Bob Stoops is a big deal, everybody knows that. For those who don't know, Bob Stoops has coached in 4 national championship games of the last decade, numerous other BCS bowls, and despite an abysmal record, no other coach is as consistently at the top echelon of college football. And also for those who didn't know, Bob Stoops is selling his home in NW Norman's ultra-posh Ashton Grove addition at NW 48th and building a new estate on 20 acres he owns off of NW 36th between Franklin Rd and Indian Hill Rd in Norman. That's called development.
But what he opposes is additional development of the stretch of NW 36th between Norman and Moore. He filed a legal protest with the Norman City Council against the development of 350 acres adjacent to the home he is developing in a rapidly-growing corridor between the built-up areas of Cleveland County's two largest cities. The 350 acre development, proposed by JJ Properties, will include a huge number of tract housing, as well as an assisted-living center, townhomes, and an elementary school. The elementary school, not yet funded, would be in the Moore Public School district (which is everything in Cleveland County north of Franklin Rd).
So I think this interesting story poses a wide array of questions. The first obviously shows us the undesirable nature of sprawl, but what's most notable is that each party involved is guilty of sprawl. Bob Stoops is guilty of sprawl in the first place because he's the one who CHOSE to purchase land in a rapidly growing area, develop a $3.3 million home (that's called development), and then squawk when other development occurs nearby. Does Stoops honestly have the right to be surprised that development is going to happen on land adjacent to his new home along NW 36th? He can't be serious. That's like going being seated at a restaurant and then storming out mad because the waiter tried to get you to buy an appetizer and a drink. Then the developer is obviously guilty of sprawl, and yeah I don't blame Stoops, I wouldn't want to build a $3.3 million estate and then have it surrounded by tract housing. Then the Norman City Council is guilty of sprawl because they have done nothing but encourage the sprawl of NW Norman, even with Cindy Rosenthal as mayor. Here, sprawl has led to conflicts between all three entities, and it will be up to the City Council and Rosenthal to resolve it. That will likely be a very contentious Council meeting.
Then I think it poses other questions. Is Stoops saying that only people who can afford a $3.3 million mansion have the right to build a home near him? Obviously that isn't right. Look at it this way, I consider everyone to be on equal footing before the law. So therefor everyone should have an equal right to participate in the sprawl of places like Norman and especially Edmond. But I won't even go into the socioeconomic limitations of sprawl in Edmond because that's opening a whole different can of worms. But suppose that if we're going to have sprawl and we're going to have major development, do we discriminate between $3.3 million mansions and tract homes that sell for $120,000? I think so. The only way out of this debate were if sprawl were verboten, but it's not. That way you could make the argument that the only thing that's being protested here is a high-density development, not the starting price of tract houses. And for all I'm concerned, the development sounds interesting..I'd like to hear more about these "townhomes" being proposed.

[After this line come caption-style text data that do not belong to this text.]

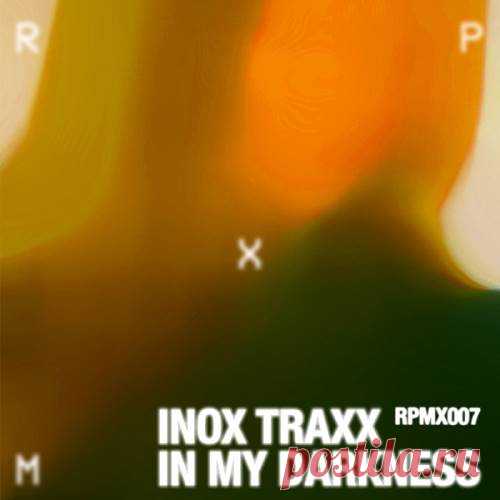 Inox Traxx - In My Darkness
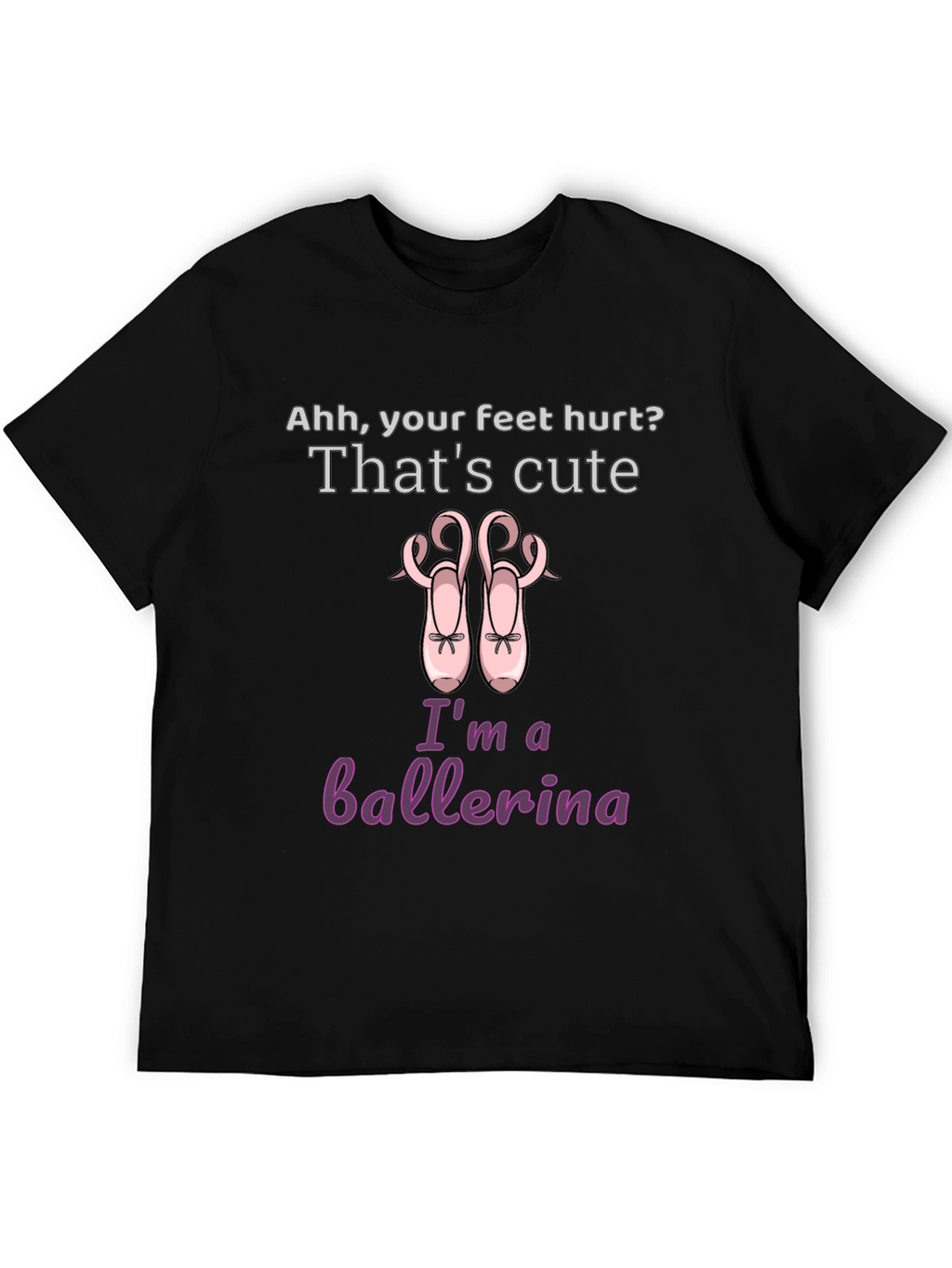 Ballerina T-Shirt - Cute Feet Hurt Dance Tee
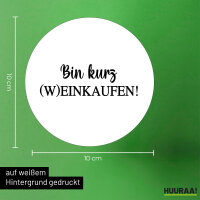 Aufkleber Bin kurz (W)Einkaufen Schriftzug 10cm Sticker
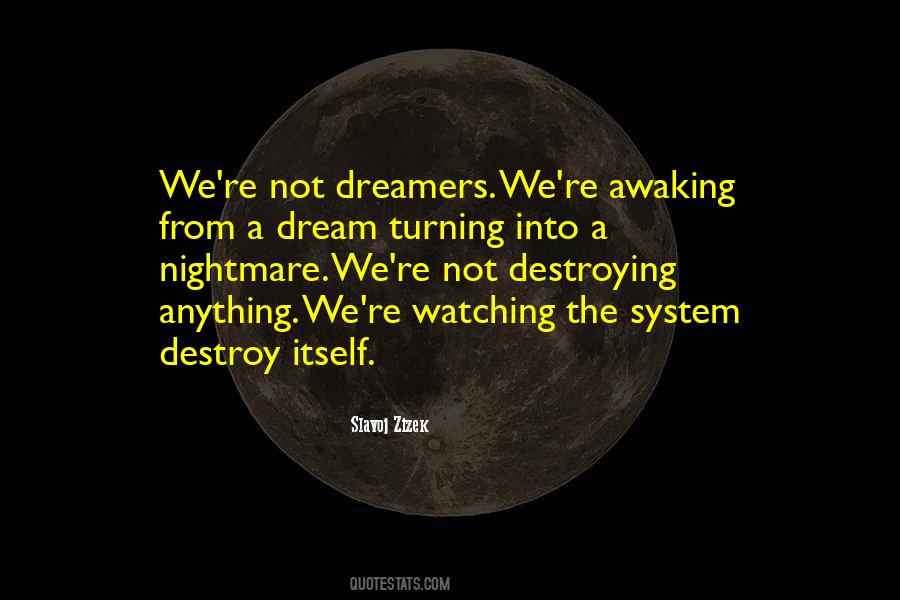 Dream Nightmare Quotes #911319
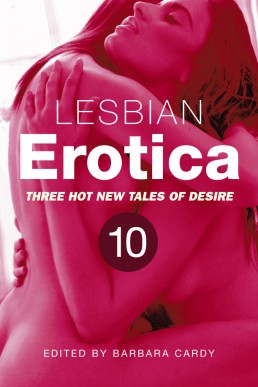 Lesbian Erotica, Volume 10: Three great new stories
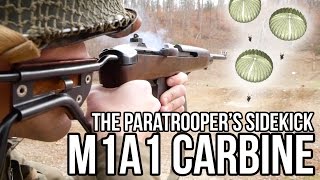 Paratroopers Sidekick The M1A1 Carbine [upl. by Norvall]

But when Stoops knowingly builds in a high-growth area and when the Norman City Council has already opened the floodgates for sprawl, that argument goes out the window. This now becomes socioeconomic, strictly. For Stoops this is about protecting the value of a $3.3 million investment. You have to wonder, why endanger such a huge investment like that in the first place? Why even build a $3.3 million investment in an area where the expectation HAS to be that tract housing will surround you within a matter of a few years. In fact if the development is at all, in anyway, above average, then you have already exceeded what I think the expectation has to be..where the bar is set, which is pretty low.
So in short, this is one way that sprawl can be ugly. And this isn't even looking 30 years down the road, this is looking at the short-term. It's incredible that if sprawl can even be ugly in the short-term in some instances, how we're still all gung-ho and excited to fill in those pastures!